What the task asks: Print out the data that follows exactly, character for character, apart from the pictures.

Exercise data:

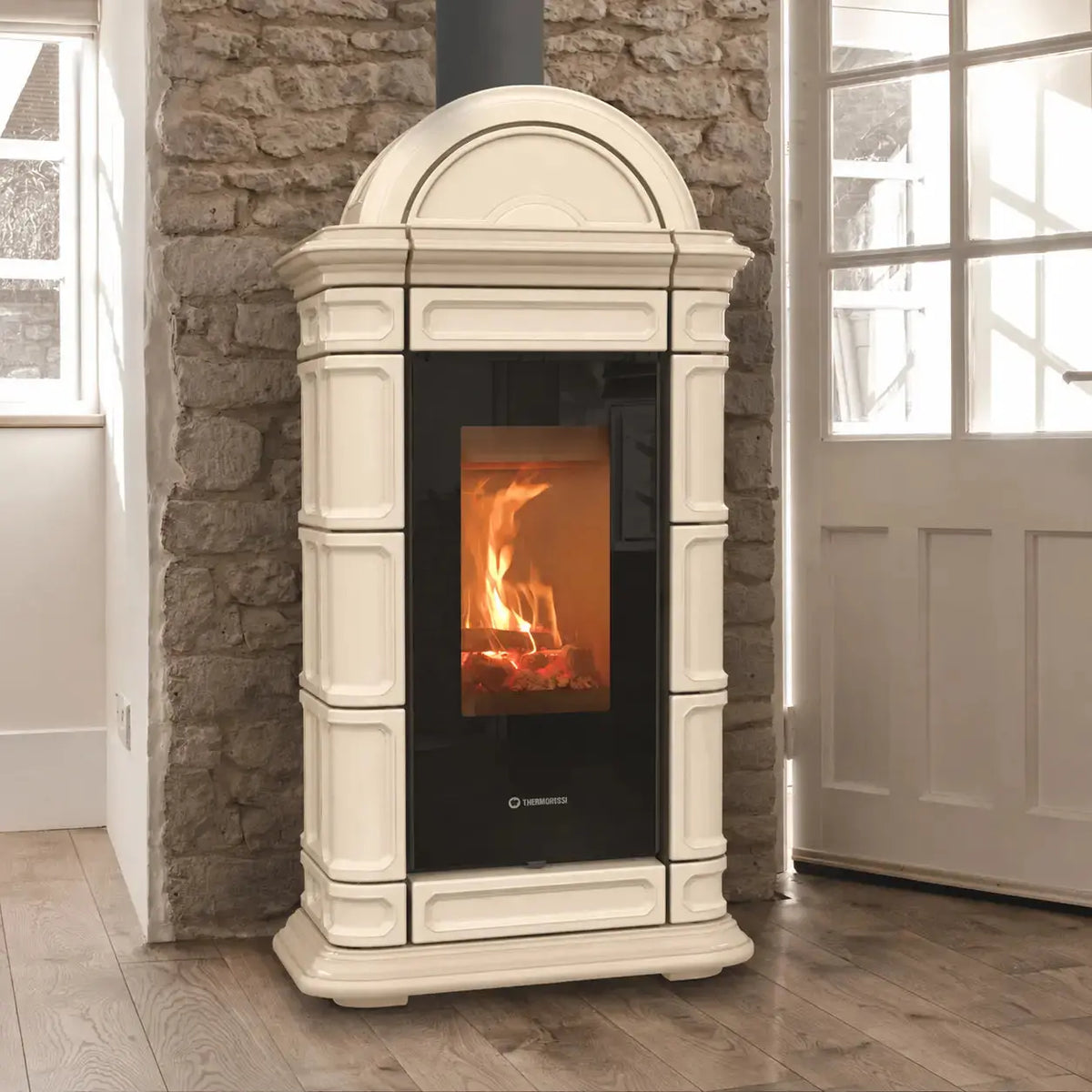 An beige freestanding wood-burning stove with a black glass front door showing a fire, set against a rustic stone wall and wood floor.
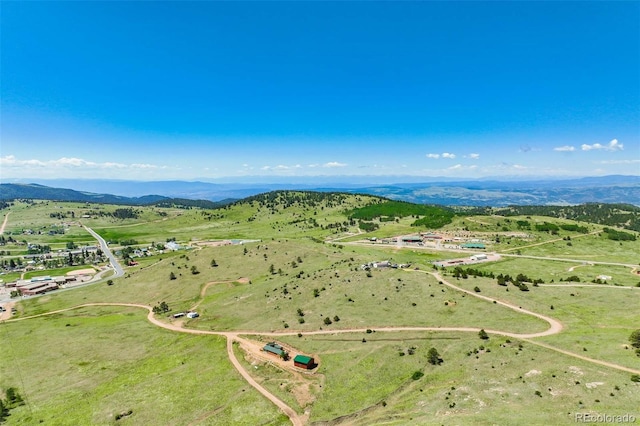 drone / aerial view featuring a rural view and a mountain view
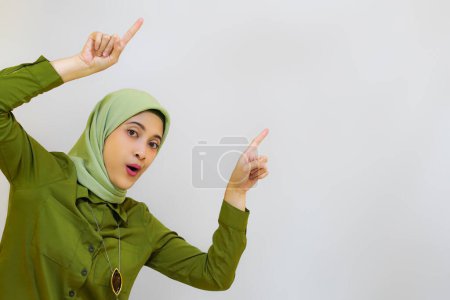 Téléchargez les photos : Belle jeune femme asiatique pointant son doigt vers le haut. Concept publicitaire pour le modèle hijab - en image libre de droit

Result of this task:
 An beige freestanding wood-burning stove with a black glass front door showing a fire, set against a rustic stone wall and wood floor.
 drone / aerial view featuring a rural view and a mountain view
 Téléchargez les photos : Belle jeune femme asiatique pointant son doigt vers le haut. Concept publicitaire pour le modèle hijab - en image libre de droit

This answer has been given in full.